QBI Deduction for Rental Real Estate – Opportunity Knocks, but Tread Carefully

The Tax Cuts & Jobs Act offered businesses the most significant tax cuts in a generation.  C corporations saw their maximum Federal tax rate cut almost in half from 39% to 21%. Partnerships, S corporations and sole proprietorships also received significant tax relief in the form of a 20% tax deduction for Qualified Business Income.  When the law passed, many of us had one question – does the IRS consider rental real estate a business that qualifies for the QBI deduction?

We have received some guidance, but more is needed.  The IRS provided a “safe harbor” whereby owners of rental real estate can qualify for a tax deduction of up to 20% of their net profit from rental real estate activities.  The article is meant to give an overview of the pathway to this deduction.

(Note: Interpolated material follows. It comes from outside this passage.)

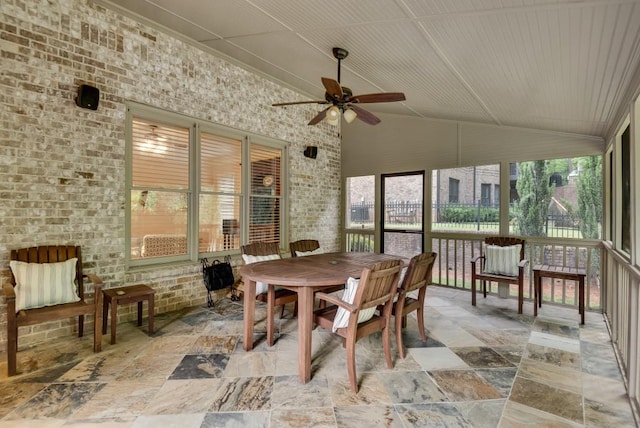 sunroom featuring a ceiling fan, healthy amount of natural light, lofted ceiling, and outdoor dining space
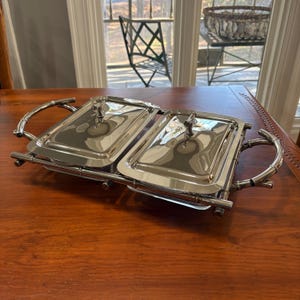 以下が含まれることがあります： 2つのコンパートメントと蓋が付いたステンレス製のサービングディッシュ。竹風のハンドルが付いており、木製のテーブルの上に置かれています。蓋には小さな装飾的なハンドルが付いています。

For the purpose of claiming the QBI deduction, a rental real estate enterprise will be treated as a trade or business if the following requirements are satisfied during the taxable year:

  • Separate financial books and records are maintained to reflect income and expenses for each rental real estate enterprise.
  • 250 hours of rental services required. For taxable years beginning prior to 1/1/2023, 250 or more hours of rental services are performed per year with respect to the rental real estate enterprise.  For taxable years beginning after 12/31/2022, the 250 hour requirement needs to be met in any three of five consecutive taxable years that end with the filing year.
  • Document rental services performed. The landlord must maintain contemporaneous records, including time reports, logs or similar information documenting the hours of all services performed, the dates the services were provided and a description of the type of service and who performed the service. These services include advertising or renting the property; negotiating a lease agreement; verifying tenant information; rent collection; repairs and maintenance of the property; purchase of supplies; and supervision of employees, agents, and employees.
  • Consider other workers on the property. The 250 hour requirement can be met by the landlord or by the landlord’s employees, agents or independent contractors. This would seem to indicate that the work of a painter that is painting the property would count toward the 250 hour requirement.  The only issue would be how to determine the number of hours the painter worked on the job, the gardener spent mowing the lawn or the plumber spent fixing the leaky faucet.
  • Election statement required. An annual election statement must be included with the landlord’s tax return to claim the QBI deduction under the safe harbor described above.

Activities such as driving to and from the property, or investor-type activities such as arranging financing, or reviewing financial data do not count toward the 250 hour safe harbor.  Real estate rented under a triple net lease is not eligible for the safe harbor, nor is property that is used partly as a residence whose deductions are limited under Section 280A.  For example, a condo in Mammoth that is used 180 days by the owner and rented out for 100 days would not qualify for the deduction. 

What if you can’t meet the 250 hour requirement for your rental property? There are other ways that landlords can qualify for the QBI deduction.  For example, a taxpayer can elect to aggregate two or more properties for the purpose of meeting the 250 hour test.  In order to aggregate properties, the landlord must own 50% or more of each property for the majority of the tax year, and must own all aggregated properties on the last day of the tax year. The properties must be similar in nature such that they would be customarily offered together. For example, residential and commercial real estate could not be included in the same group.  Also, there must be centralized business elements that oversee or provide services to the aggregated properties.

It is also possible for a business owner who uses a separate entity (e.g. an LLC) to lease real property to their business to aggregate the business and the rental property for the purpose of meeting the 250 hour requirement and claiming the QBI deduction.

Lastly, a rental real estate enterprise may qualify for the QBI deduction based on “facts and circumstances.” That means, in the IRS’ view, that all facts would lead a reasonable person to conclude that the property or properties are clearly a business worthy of the deduction.

Once an individual chooses to aggregate two or more trades or businesses, the individual must consistently report the aggregated properties in all subsequent tax years.  Aggregation does not always benefit a taxpayer, so it is important to “run the numbers” to determine whether it is right for you.  Also, the QBI deduction can be limited based income or other factors.

This is a summary of the safe harbor and aggregation rules for rental real estate.  They are obviously complex, so we advise clients to take a careful look at them before proceeding.

Does it sound complicated?  It is, and we probably need a more guidance from the IRS to determine where to draw the lines.  So tread carefully, but be aware of this wonderful tax planning opportunity for landlords.